* [Task]: Reproduce, without any change, the span of lines from the opening of the records below to the line containing "Swine flu virus", inclusive.

* [Provided information]:
*** Block opens ***
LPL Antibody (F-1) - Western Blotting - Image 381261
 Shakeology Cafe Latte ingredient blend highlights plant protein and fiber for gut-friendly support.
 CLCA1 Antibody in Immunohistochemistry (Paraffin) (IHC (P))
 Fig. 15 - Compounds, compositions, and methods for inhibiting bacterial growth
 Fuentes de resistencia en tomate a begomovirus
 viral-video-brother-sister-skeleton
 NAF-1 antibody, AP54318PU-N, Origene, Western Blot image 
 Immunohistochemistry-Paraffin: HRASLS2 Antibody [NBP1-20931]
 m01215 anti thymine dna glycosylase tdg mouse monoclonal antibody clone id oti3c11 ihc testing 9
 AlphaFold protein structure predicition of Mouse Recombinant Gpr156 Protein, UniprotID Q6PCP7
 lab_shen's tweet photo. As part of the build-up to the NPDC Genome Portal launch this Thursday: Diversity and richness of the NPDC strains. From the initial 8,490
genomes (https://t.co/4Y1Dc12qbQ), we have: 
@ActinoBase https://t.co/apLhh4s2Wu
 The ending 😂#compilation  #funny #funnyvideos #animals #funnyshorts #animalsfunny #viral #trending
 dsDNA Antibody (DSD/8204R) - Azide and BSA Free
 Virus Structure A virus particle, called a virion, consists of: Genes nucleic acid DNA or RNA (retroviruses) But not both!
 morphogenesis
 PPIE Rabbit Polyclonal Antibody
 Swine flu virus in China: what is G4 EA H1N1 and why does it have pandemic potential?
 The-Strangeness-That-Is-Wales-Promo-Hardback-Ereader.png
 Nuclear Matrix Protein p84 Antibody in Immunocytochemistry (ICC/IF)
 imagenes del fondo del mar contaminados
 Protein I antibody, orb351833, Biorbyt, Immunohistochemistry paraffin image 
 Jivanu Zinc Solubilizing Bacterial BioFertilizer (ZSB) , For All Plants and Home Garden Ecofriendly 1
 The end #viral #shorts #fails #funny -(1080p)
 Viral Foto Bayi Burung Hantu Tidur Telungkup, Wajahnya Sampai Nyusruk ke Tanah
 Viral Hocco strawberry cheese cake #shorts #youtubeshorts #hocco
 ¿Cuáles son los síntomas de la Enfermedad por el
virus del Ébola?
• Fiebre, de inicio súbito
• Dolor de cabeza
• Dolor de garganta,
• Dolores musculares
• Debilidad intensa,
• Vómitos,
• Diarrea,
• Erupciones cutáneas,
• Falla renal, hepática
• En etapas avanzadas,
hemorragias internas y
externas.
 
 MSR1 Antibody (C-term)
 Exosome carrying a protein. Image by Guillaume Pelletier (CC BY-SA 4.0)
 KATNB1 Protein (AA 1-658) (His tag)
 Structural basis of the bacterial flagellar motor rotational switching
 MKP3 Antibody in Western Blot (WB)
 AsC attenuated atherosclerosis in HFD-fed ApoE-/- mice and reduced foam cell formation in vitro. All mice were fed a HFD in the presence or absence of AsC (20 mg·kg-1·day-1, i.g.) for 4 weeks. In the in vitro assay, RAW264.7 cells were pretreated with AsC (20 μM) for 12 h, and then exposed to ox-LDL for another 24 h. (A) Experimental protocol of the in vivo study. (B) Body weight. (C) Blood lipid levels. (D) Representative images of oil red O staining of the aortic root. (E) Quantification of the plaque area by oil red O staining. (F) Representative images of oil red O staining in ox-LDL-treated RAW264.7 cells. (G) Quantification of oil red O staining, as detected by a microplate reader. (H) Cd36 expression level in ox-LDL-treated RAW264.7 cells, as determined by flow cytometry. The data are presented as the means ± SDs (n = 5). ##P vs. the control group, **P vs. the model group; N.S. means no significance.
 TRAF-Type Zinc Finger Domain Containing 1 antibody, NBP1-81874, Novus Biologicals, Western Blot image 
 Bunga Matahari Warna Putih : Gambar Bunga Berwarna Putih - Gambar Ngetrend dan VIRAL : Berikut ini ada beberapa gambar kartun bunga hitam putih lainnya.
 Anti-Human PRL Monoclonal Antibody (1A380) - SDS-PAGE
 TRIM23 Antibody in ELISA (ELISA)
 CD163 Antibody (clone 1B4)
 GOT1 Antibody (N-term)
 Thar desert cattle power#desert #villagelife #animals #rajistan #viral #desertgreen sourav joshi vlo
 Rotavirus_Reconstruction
*** Block closes ***
* [Exercise answer]:
LPL Antibody (F-1) - Western Blotting - Image 381261
 Shakeology Cafe Latte ingredient blend highlights plant protein and fiber for gut-friendly support.
 CLCA1 Antibody in Immunohistochemistry (Paraffin) (IHC (P))
 Fig. 15 - Compounds, compositions, and methods for inhibiting bacterial growth
 Fuentes de resistencia en tomate a begomovirus
 viral-video-brother-sister-skeleton
 NAF-1 antibody, AP54318PU-N, Origene, Western Blot image 
 Immunohistochemistry-Paraffin: HRASLS2 Antibody [NBP1-20931]
 m01215 anti thymine dna glycosylase tdg mouse monoclonal antibody clone id oti3c11 ihc testing 9
 AlphaFold protein structure predicition of Mouse Recombinant Gpr156 Protein, UniprotID Q6PCP7
 lab_shen's tweet photo. As part of the build-up to the NPDC Genome Portal launch this Thursday: Diversity and richness of the NPDC strains. From the initial 8,490
genomes (https://t.co/4Y1Dc12qbQ), we have: 
@ActinoBase https://t.co/apLhh4s2Wu
 The ending 😂#compilation  #funny #funnyvideos #animals #funnyshorts #animalsfunny #viral #trending
 dsDNA Antibody (DSD/8204R) - Azide and BSA Free
 Virus Structure A virus particle, called a virion, consists of: Genes nucleic acid DNA or RNA (retroviruses) But not both!
 morphogenesis
 PPIE Rabbit Polyclonal Antibody
 Swine flu virus in China: what is G4 EA H1N1 and why does it have pandemic potential?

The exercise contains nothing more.